[Data listing — start]

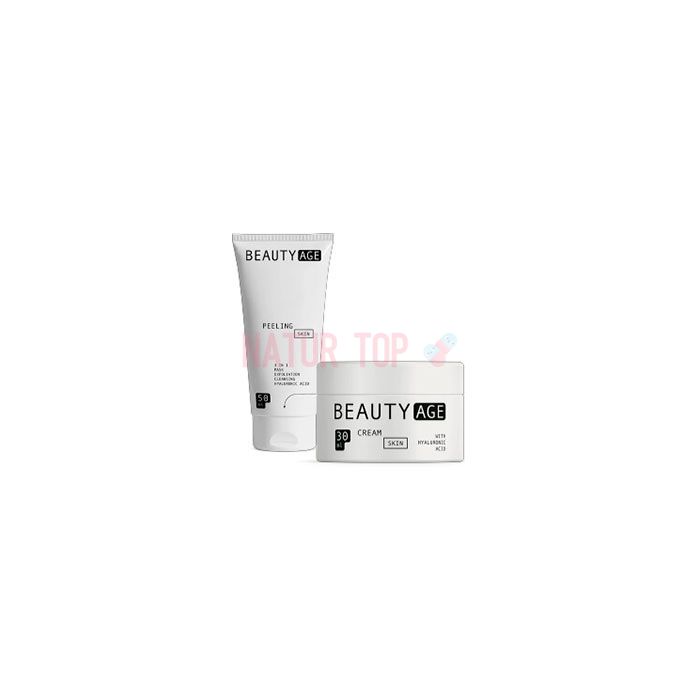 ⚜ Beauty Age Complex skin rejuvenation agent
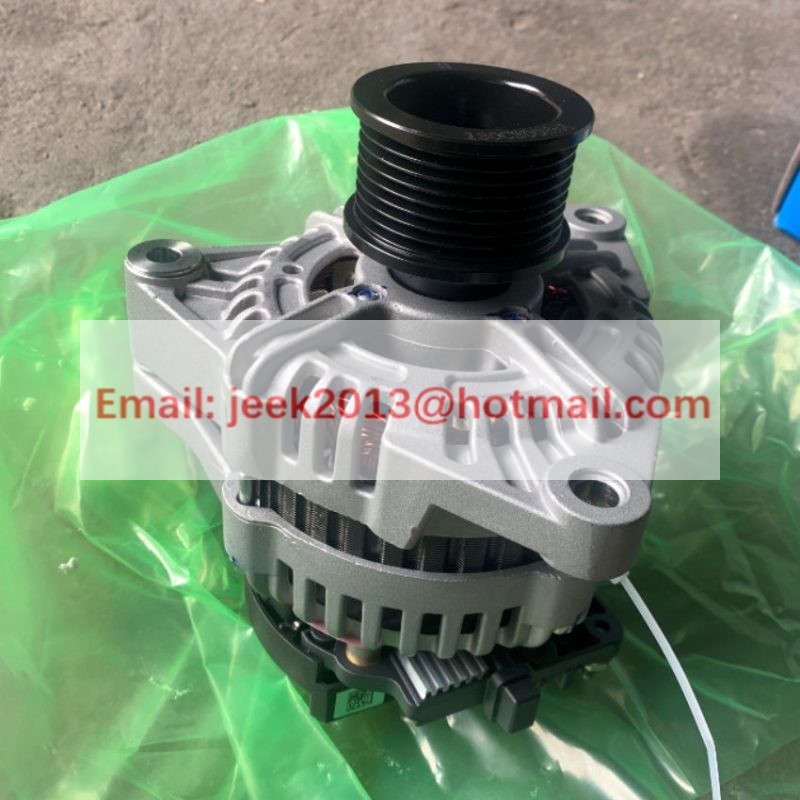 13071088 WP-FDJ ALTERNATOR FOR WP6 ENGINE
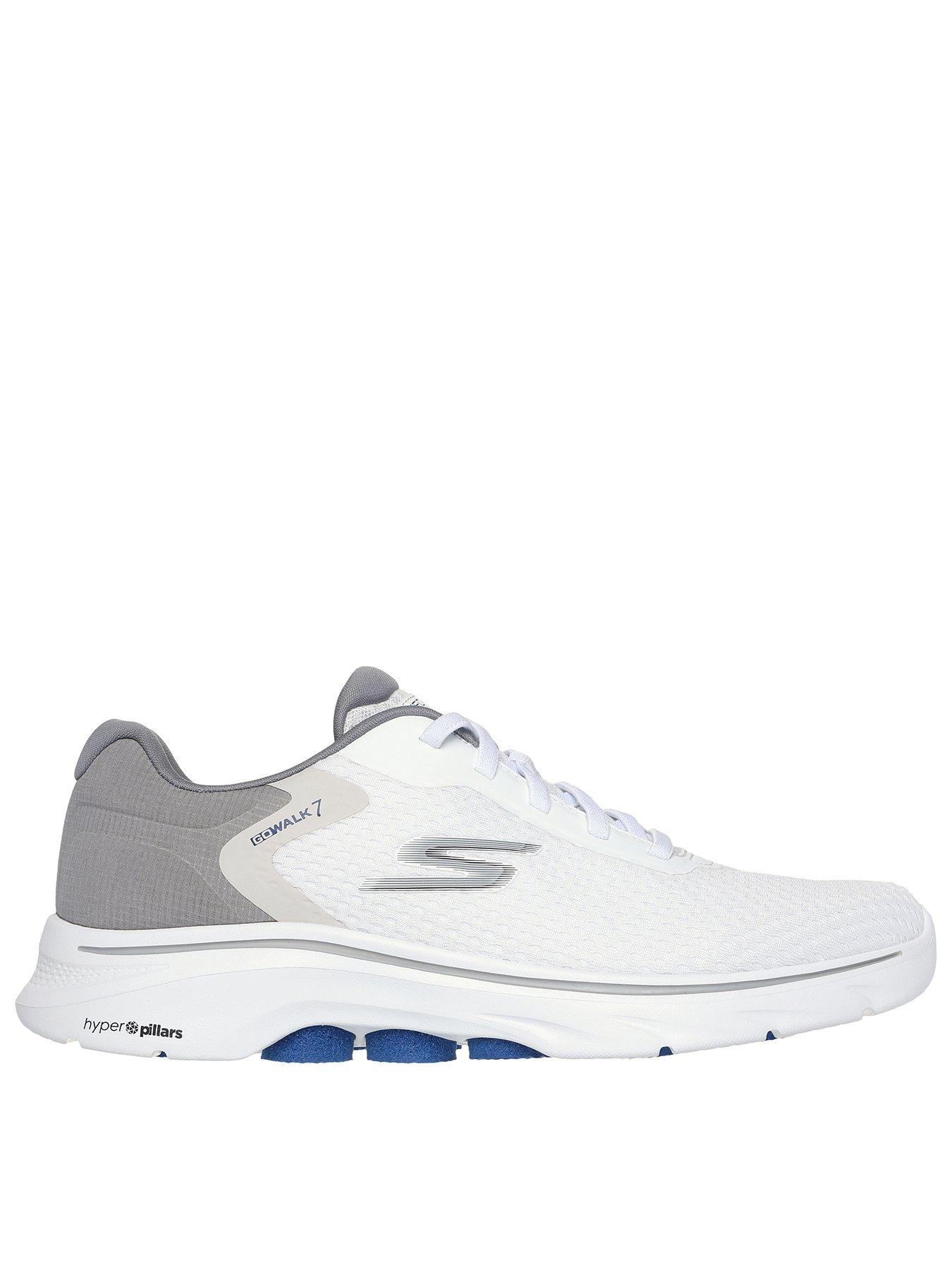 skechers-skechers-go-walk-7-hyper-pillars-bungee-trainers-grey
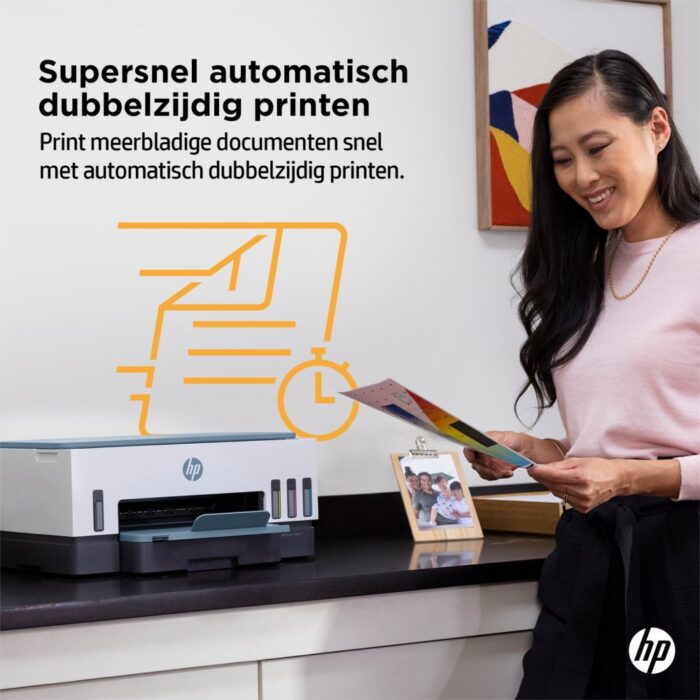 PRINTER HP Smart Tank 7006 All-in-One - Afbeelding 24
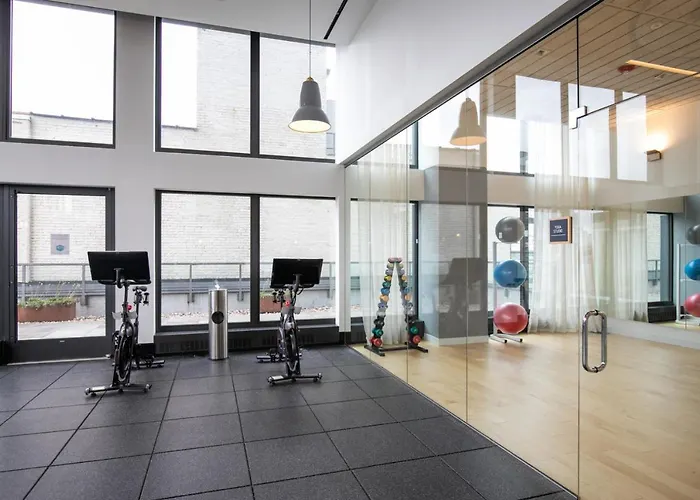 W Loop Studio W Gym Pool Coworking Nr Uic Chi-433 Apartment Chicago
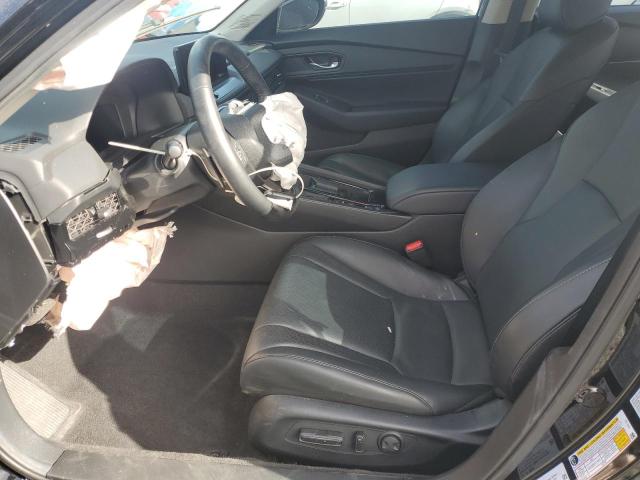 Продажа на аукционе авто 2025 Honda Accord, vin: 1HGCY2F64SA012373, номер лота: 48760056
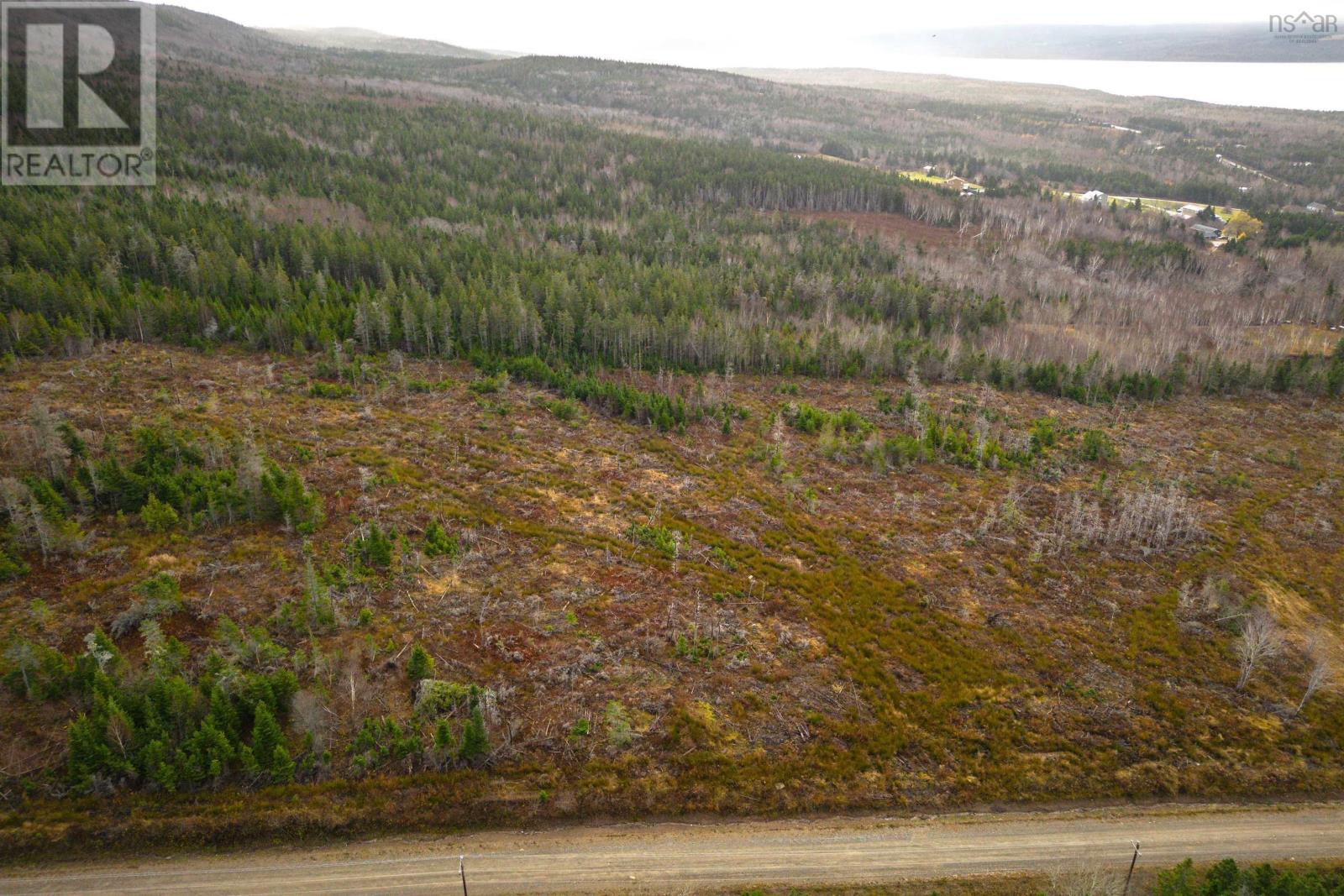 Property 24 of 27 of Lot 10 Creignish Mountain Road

[Data listing — finish]

## Work required
Exact copy, pictures excluded: every line above from the one containing "skechers-skechers-go-walk-7-hyper-pillars-bungee-trainers-grey" to the one containing "Продажа на аукционе", inclusive, and nothing more.

## Output for this task
 skechers-skechers-go-walk-7-hyper-pillars-bungee-trainers-grey
 PRINTER HP Smart Tank 7006 All-in-One - Afbeelding 24
 W Loop Studio W Gym Pool Coworking Nr Uic Chi-433 Apartment Chicago
 Продажа на аукционе авто 2025 Honda Accord, vin: 1HGCY2F64SA012373, номер лота: 48760056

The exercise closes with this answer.